Nul n’est maître de son destin. Le destin du Premier Ministre Ange Edouard Poungui fut de traverser l’histoire congolaise avec droiture, de la révolution au pluralisme, du pouvoir à l’opposition, sans jamais transiger avec sa conscience.
Partant, le Premier Ministre Ange Edouard Poungui lègue aux jeunes l’exemple de l’engagement précoce et de la cohésion. Aux dirigeants congolais, il conseille le courage de démissionner dans l’honneur plutôt que de trahir. Aux Congolais, dans leur ensemble, il en appelle à servir l’État sans se servir. Tout ceci dit, le nom du Premier Ministre Ange Edouard Poungui restera. Son sillage éclairera.
En ces moments d’intense douleur pour la famille du Premier Ministre Ange Edouard Poungui, que celle-ci trouve ici l’expression de mes plus sincères condoléances. A Josiane, Eliane, Lionel Ange, Edouard Rolland, Boris Destin, Danielle, Fabrice et Petula, tous enfants Poungui, je dis partager totalement leur peine profonde.
Aux militants de l’UPADS qui avec moi regretteront à jamais la disparition de notre très cher camarade Ange Edouard Poungui, je traduis ma solidarité. Mes pensées accompagnent également les amis, connaissances et autres proches du Premier Ministre Ange Edouard Poungui dans cette dechirante épreuve.
Enfin, la dépouille du Premier Ministre Ange Edouard Poungui rapatriée, puisse le Président de la République du Congo, au nom de la Patrie Reconnaissante, témoigner selon la tradition, de la gratitude de la Nation congolaise envers l’illustre disparu.
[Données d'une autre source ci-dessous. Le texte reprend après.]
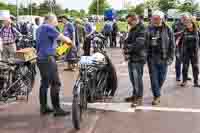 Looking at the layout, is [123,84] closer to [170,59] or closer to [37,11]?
[170,59]

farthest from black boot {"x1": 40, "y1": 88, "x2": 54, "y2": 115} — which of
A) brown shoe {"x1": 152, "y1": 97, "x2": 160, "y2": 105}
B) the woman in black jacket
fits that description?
the woman in black jacket

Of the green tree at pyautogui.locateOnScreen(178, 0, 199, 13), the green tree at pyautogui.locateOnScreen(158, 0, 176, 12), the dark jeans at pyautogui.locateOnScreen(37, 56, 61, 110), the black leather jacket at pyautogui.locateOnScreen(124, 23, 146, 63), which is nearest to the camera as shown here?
the dark jeans at pyautogui.locateOnScreen(37, 56, 61, 110)

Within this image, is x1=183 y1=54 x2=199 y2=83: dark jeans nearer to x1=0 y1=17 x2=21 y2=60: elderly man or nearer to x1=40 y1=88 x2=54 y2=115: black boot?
x1=0 y1=17 x2=21 y2=60: elderly man

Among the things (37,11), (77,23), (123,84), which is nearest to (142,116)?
(123,84)

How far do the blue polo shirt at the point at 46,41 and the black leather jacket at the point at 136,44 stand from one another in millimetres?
1563

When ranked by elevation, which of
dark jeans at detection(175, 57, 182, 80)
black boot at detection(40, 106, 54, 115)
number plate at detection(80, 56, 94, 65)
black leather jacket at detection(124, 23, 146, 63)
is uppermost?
black leather jacket at detection(124, 23, 146, 63)

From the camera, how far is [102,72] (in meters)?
9.27

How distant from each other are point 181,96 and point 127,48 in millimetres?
2001

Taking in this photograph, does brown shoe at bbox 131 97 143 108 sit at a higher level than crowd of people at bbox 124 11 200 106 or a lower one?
lower

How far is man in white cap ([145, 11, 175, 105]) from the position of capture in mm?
9281

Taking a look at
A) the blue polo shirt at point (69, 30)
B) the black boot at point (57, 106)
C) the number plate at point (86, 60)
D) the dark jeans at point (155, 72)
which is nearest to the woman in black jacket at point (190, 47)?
the dark jeans at point (155, 72)

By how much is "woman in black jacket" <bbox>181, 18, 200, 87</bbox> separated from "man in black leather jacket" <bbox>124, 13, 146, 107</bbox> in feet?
9.33

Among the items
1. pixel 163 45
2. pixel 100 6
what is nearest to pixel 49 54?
pixel 163 45

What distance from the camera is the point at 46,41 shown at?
818 cm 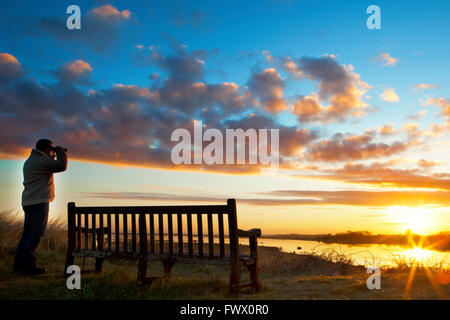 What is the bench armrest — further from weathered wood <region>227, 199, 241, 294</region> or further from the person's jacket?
the person's jacket

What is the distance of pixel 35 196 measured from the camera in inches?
329

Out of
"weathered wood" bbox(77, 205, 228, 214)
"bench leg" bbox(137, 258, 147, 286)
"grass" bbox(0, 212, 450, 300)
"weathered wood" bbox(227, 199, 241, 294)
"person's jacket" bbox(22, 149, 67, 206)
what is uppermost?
"person's jacket" bbox(22, 149, 67, 206)

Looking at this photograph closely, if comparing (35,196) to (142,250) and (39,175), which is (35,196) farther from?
(142,250)

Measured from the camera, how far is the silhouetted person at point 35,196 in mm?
8344

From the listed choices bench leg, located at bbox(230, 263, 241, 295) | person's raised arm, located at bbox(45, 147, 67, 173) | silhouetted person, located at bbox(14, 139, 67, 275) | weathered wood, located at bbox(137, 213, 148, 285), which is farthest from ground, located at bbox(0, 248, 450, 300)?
person's raised arm, located at bbox(45, 147, 67, 173)

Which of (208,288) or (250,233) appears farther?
(208,288)

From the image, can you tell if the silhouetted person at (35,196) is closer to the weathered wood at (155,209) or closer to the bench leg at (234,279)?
the weathered wood at (155,209)

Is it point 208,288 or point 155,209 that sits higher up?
point 155,209

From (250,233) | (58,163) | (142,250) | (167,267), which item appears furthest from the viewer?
(58,163)

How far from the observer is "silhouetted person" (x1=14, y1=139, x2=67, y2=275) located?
8.34 metres

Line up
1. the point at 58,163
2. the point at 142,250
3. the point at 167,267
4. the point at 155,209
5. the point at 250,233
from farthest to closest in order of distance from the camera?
1. the point at 58,163
2. the point at 167,267
3. the point at 142,250
4. the point at 155,209
5. the point at 250,233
Le nom du Premier Ministre Ange Edouard Poungui devant, de toute évidence, être ajouté sur la liste des rues, avenues, places et infrastructures publiques portant les patronymes des personnalités congolaises et étrangères. Ce qui appelle la même logique pour le nom du Président Pascal Lissouba, décédé le 24 août 2020, à Perpignan en France.
Que le Premier Ministre Ange Edouard Poungui repose en paix. Rejoignant là bas, à l’Eternel Infini, sa chère épouse Maman Thérèse Béatrice Manda.